You probably have no issues. If you were going to have problems they would have shown up in the super where there is less defense. The larva in the pan were probably tossed there by the bees as they removed them. You may want to check the brood area as tedlemay said, just for the experience while your hive is still relatively small.


----------



## Jamie D (May 25, 2012)

Keeping that plastic board there all the time in this heat I am not sure is the best idea, unless it was just to check for mites. I had some SHB and got the oil tray and it has really helped; last inspection, I didn't even see one inside. Just in the (oil) traps...along with a few nasty roaches. It works great.


----------



## hobknobhill (Jul 8, 2012)

Thanks Jamie D. 

I did take the plastic board out totally last week and they were still bearding on the front, and on one side a little. My father, who kept bees about 40 years ago suggested that the 2nd box might be full already since I checked on the 9th. Sure enough, I just got done checking tonight and that box was full. 

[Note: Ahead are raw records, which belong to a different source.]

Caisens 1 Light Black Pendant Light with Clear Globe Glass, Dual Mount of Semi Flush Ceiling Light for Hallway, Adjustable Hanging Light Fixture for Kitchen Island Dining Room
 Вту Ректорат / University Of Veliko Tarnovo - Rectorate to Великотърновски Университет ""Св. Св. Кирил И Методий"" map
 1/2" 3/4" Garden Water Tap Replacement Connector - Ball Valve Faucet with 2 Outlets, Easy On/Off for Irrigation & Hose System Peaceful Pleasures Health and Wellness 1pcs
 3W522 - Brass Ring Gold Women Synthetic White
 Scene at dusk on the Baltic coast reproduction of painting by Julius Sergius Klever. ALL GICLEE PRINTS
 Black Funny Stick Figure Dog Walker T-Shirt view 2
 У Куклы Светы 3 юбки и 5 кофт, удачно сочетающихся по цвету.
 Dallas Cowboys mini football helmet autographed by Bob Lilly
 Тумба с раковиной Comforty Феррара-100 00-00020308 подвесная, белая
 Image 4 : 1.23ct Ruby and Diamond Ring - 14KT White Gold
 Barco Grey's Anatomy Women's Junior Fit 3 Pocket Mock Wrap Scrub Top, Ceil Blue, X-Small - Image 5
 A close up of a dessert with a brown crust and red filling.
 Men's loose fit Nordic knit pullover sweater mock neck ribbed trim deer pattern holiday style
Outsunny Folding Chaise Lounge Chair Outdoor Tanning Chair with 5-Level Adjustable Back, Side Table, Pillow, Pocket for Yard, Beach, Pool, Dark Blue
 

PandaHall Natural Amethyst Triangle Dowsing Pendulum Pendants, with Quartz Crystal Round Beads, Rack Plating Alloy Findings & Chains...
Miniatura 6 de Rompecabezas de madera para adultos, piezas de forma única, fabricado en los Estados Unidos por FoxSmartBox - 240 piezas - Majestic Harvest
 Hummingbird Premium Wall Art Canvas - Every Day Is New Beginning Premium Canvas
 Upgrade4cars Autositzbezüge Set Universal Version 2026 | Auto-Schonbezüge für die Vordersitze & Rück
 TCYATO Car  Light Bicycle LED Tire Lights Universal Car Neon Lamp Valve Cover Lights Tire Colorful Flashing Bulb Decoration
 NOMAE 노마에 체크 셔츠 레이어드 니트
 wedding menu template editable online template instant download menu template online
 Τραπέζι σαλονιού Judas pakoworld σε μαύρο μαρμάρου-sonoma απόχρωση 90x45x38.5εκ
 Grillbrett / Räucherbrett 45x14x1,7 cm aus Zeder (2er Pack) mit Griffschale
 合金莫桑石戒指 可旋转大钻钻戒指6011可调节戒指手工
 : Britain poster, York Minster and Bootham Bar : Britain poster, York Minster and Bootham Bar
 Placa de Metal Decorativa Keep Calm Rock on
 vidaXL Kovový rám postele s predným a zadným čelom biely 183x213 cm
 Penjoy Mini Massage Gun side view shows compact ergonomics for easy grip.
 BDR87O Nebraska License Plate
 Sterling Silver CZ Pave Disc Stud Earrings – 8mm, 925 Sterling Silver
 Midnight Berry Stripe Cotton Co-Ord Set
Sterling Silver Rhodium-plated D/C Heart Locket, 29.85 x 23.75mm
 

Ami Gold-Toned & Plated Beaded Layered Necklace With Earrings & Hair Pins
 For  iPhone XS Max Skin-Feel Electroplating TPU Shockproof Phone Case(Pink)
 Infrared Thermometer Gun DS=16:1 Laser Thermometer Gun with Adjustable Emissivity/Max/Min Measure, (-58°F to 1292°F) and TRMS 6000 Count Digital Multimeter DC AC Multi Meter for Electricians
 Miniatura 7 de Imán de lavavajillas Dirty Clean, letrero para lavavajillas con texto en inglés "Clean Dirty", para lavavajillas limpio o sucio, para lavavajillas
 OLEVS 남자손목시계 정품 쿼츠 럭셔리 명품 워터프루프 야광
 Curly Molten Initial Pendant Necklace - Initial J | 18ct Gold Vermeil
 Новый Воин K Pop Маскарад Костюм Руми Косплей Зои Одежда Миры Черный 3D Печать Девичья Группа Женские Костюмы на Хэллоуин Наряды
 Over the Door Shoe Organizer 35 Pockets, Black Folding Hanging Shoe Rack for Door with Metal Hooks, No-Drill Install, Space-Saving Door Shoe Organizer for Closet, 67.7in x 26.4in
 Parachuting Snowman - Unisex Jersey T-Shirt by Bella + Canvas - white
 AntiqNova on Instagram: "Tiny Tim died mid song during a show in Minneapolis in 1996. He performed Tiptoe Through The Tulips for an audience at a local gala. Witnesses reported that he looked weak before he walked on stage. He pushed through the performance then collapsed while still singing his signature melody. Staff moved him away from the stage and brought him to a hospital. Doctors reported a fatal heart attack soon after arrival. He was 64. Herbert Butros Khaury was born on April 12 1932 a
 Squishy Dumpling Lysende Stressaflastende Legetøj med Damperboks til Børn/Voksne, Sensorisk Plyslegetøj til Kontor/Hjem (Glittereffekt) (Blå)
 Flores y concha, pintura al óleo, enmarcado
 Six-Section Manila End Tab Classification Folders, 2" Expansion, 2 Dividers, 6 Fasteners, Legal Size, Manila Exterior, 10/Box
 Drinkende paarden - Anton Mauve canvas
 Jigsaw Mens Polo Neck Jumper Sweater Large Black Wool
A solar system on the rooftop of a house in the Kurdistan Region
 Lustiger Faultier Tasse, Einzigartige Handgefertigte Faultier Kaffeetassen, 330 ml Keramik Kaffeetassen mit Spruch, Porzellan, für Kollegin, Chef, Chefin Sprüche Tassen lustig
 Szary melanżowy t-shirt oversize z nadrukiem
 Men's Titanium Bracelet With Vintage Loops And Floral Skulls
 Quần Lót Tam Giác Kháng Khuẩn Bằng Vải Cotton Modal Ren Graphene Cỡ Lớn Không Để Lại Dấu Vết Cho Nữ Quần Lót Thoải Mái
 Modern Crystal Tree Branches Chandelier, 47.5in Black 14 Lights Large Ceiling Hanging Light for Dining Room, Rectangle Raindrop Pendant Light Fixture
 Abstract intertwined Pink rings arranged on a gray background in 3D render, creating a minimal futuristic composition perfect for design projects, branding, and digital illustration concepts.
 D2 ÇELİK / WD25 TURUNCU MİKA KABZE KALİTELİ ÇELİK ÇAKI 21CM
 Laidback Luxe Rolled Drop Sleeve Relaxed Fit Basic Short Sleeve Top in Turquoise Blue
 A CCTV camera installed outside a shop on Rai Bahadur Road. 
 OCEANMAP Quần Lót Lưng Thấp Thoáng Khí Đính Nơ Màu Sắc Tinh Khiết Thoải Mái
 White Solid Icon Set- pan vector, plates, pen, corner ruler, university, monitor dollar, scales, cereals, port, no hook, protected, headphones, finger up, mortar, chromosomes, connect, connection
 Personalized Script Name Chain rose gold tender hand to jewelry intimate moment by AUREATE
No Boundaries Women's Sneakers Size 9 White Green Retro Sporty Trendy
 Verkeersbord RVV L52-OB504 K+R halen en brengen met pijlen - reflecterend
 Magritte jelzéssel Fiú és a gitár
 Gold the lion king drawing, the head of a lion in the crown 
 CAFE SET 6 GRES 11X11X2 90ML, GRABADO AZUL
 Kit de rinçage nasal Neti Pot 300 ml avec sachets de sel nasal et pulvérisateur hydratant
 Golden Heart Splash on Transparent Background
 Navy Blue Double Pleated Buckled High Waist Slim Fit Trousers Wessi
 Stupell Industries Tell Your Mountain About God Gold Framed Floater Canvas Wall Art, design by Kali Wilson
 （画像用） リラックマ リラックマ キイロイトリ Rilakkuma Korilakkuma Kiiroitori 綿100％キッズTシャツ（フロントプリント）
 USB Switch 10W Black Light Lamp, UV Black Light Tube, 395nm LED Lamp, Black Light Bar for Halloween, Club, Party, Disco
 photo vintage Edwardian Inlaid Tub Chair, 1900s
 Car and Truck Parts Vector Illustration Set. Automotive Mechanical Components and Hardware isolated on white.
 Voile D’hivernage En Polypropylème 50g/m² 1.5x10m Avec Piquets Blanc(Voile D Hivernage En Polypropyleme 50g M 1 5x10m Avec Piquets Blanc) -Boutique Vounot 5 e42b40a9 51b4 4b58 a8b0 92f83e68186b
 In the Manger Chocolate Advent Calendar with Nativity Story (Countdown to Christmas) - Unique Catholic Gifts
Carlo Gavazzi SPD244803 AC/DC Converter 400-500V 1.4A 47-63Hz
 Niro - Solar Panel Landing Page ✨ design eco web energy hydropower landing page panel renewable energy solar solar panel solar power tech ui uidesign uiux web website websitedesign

I took off the top super and checked quickly (hot day, thunder started, and rain--so unhappy bees) and the bottom super is full too. I didn't tear apart the whole hive to check all the frames. BUT, I didn't see any hive beetles tonight and with the plastic out of the bottom I don't know about larvae. Glad not to find beetles though. I did kill one moth and one ****roach that came out from between the two supers.

So, the hive now consists of screened bottom board, 2 deep supers, queen excluder, new medium super, top board, and cover.

By the way, the plastic under the screened bottom board is not a trap. It's just a piece of corrugated plastic with a little pull tab. Came with the screened bottom board.


----------



## hobknobhill (Jul 8, 2012)

I checked on the girls a few weeks ago and they never totally pulled out the comb on the top medium super so I took it off so they can maintain temp better for the winter. We've only had a week or so of really cold weather so far.

The 2 deep supers are loaded with bees, comb, honey, etc. And there are some hive beetles still. The bees did look like they were shunting them out or at least out of the way. I didn't pull everything apart to see how many there were, but I don't think there are a huge number. 

Should I do anything for the winter or just let the bees keep the HB in check themselves?


----------



## scorpionmain (Apr 17, 2012)

I wouldnt mess with them anymore until spring.


----------



## hobknobhill (Jul 8, 2012)

That's what I was thinking, but being new this year I wanted to make sure.


----------